1963 was the last Chinese New Year we had with our grandfather, Tiong Kung Ping.
In the previous years my father and his good friend Wong Cheng Ang, whose house was below "the hill" would often meet up. Wong left Sg Merah to go underground sometime in 1962 and we were told never to mention his name.
Wong Cheng Ang was my father's childhood friend who actually came from a very landed family. His mother Ping Chuan Moo was a very smart business woman who had many sons whom she educated overseas. They were the proud sons of Sungei Merah.
However Uncle Wong was very special as he had a mind of his own. He graduated with a chemistry degree from the Yenching University of Beijing in 1937 together with my father. He named all his children after precious chemicals or metals.
Interestingly he loved to come up the hill to chat with my grandfather and my father. They would have long conversations.

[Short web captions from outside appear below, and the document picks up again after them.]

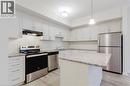 Kitchen with light wood-type flooring, light stone counters, under cabinet range hood, stainless steel appliances, and a sink - 25 Isherwood Avenue Unit# G-105, Cambridge, ON  - Indoor Photo Showing Kitchen With Stainless Steel Kitchen With Upgraded Kitchen 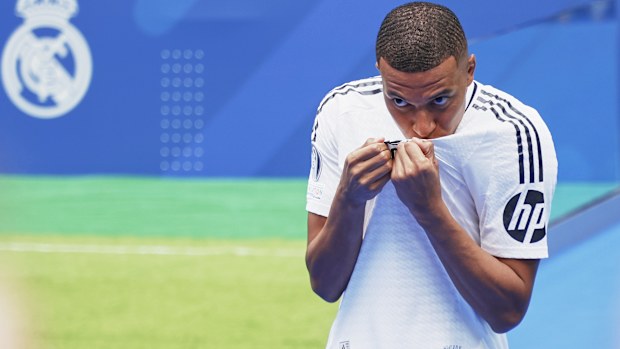 Kylian Mbappe kisses his new Real Madrid jersey during his presentation as a new Real Madrid player at Estadio Santiago Bernabeu.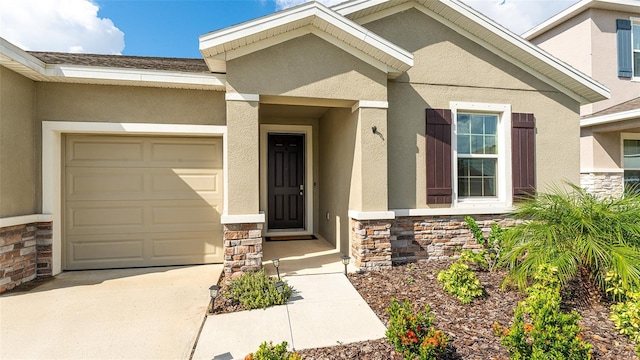 doorway to property featuring a garage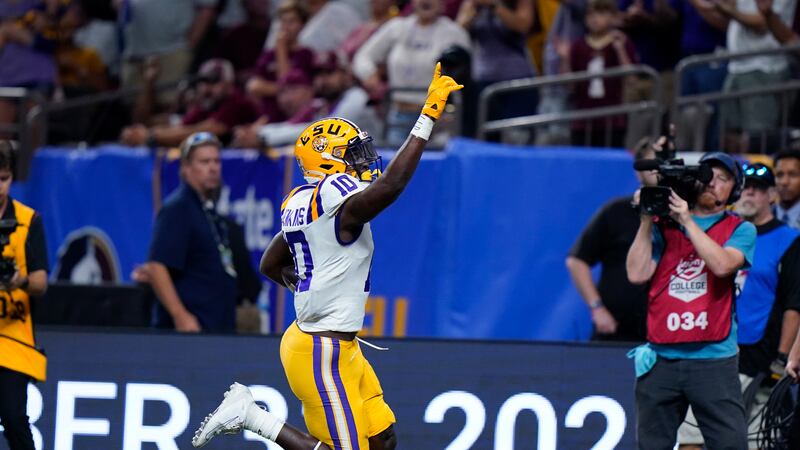 LSU wide receiver Jaray Jenkins (10) celebrates a touchdown reception in the second half of an...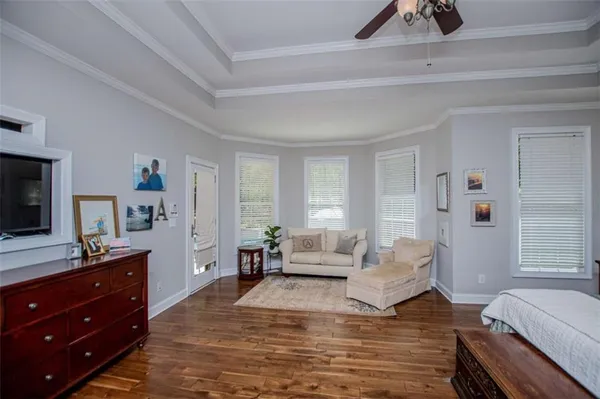 a bedroom with bed and tv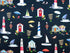 Dark blue fabric covered with lighthouses, beach chairs and umbrellas, sail boats and more.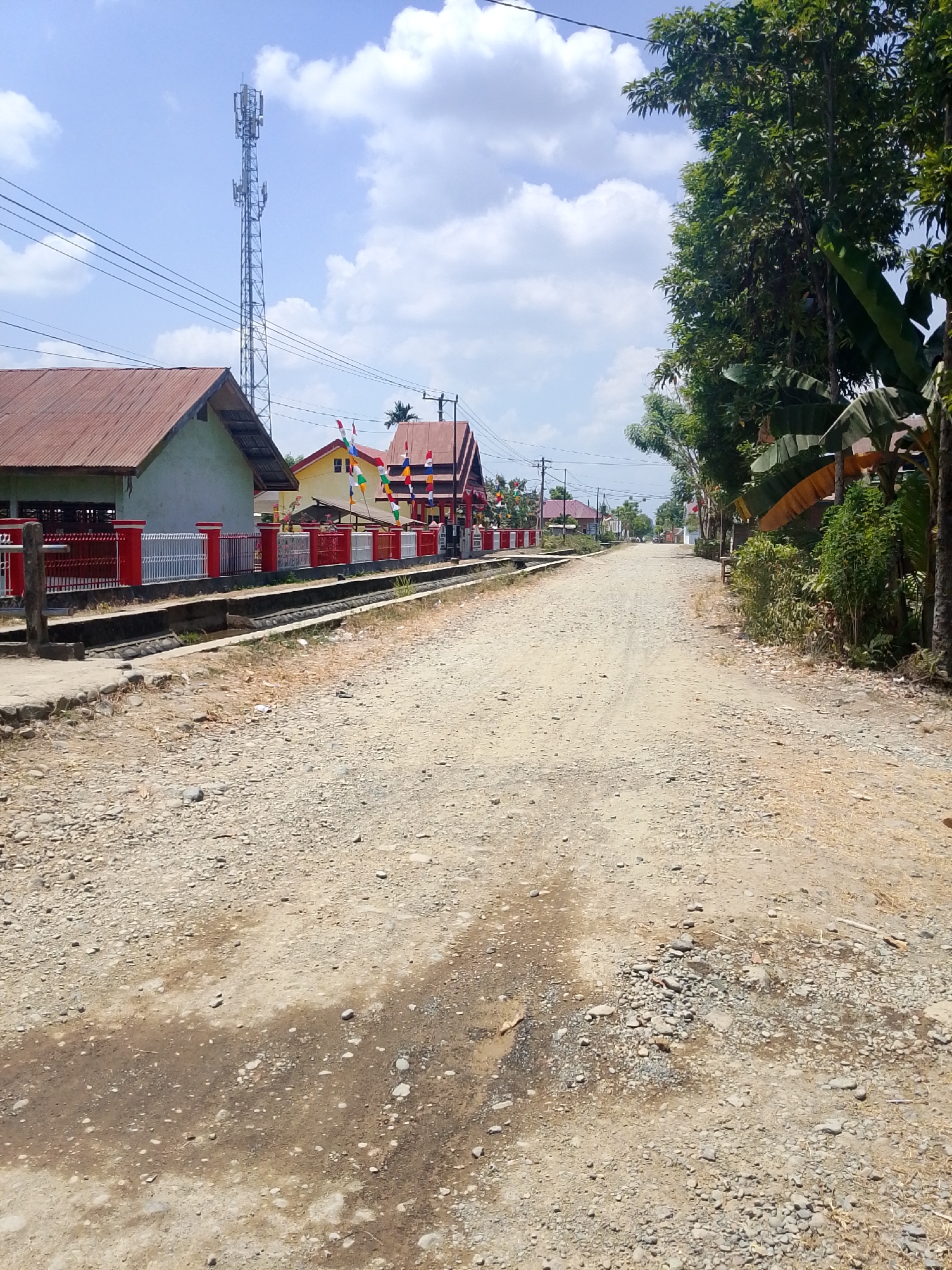 The image depicts a dusty, gravel road in Se'pon, Indonesia, with buildings and vegetation lining its sides. A tall cell tower stands prominently against a bright blue sky dotted with white clouds on the left side of the frame. Adjacent to the road are several buildings, including one with a reddish-brown corrugated metal roof and a white and red fence. Further down the road, other structures with colorful flags are visible. On the right side of the road, dense green trees and foliage create a natural barrier, with some banana leaves also present. The road itself is rough and uneven, with scattered rocks and patches of damp earth. No people or vehicles are visible in the scene.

Often times my grandmother Siew would invite him for lunch, knowing how much he loved good food. My grandmother was a good cook. so my father, my grandfather and Uncle Wong would ,for example, have a good Pig Stomach soup together and talked until they finished the soup. Uncle Wong would then go home happily.
My father loved my grandmother's pork leg dish which was very special. Sometimes my grandmother would cook pig tails for Grandfather and my father and Uncle Wong would be very lucky if they came in the late afternoon to enjoy the special soup.
My grandparents did not often have a whole range of buffet for Chinese New Year. We would visit, receive our Dah Bui Chieng, have tea and pong biang. Ah, if we came early in the morning we would have noodles.
According to family stories, our third aunt Pearl never liked to eat the wings of chicken and if Grandmother Siew gave her that particular cut, she would cry.
My sister Sing often said that she was an unlucky child because she would get just a piece of ginger. With so many descendants around, we all received poorer cuts of the chicken. But I did not mind because to me, if we had a bowl of mee sua, KOSONG, it was good enough.
A piece of ginger in a chicken soup was often referred to as Tiger Meat, or Lao Hoo Niik. We siblings always laughed about it. We often thought that the person scooping the chicken pieces and noodles into the bowls would definitely know the difference between ginger and chicken. How come some guests would just get a piece of ginger?
To be polite, we never asked for a substitute piece of chicken, or a piece of chicken of our choice.
In retrospect, today, we have KFC and we can buy whatever cut of chicken we like. No big deal to me. We are lucky to be salaried female descendants of my grandfather.
My mum would always volunteer for the chicken butt.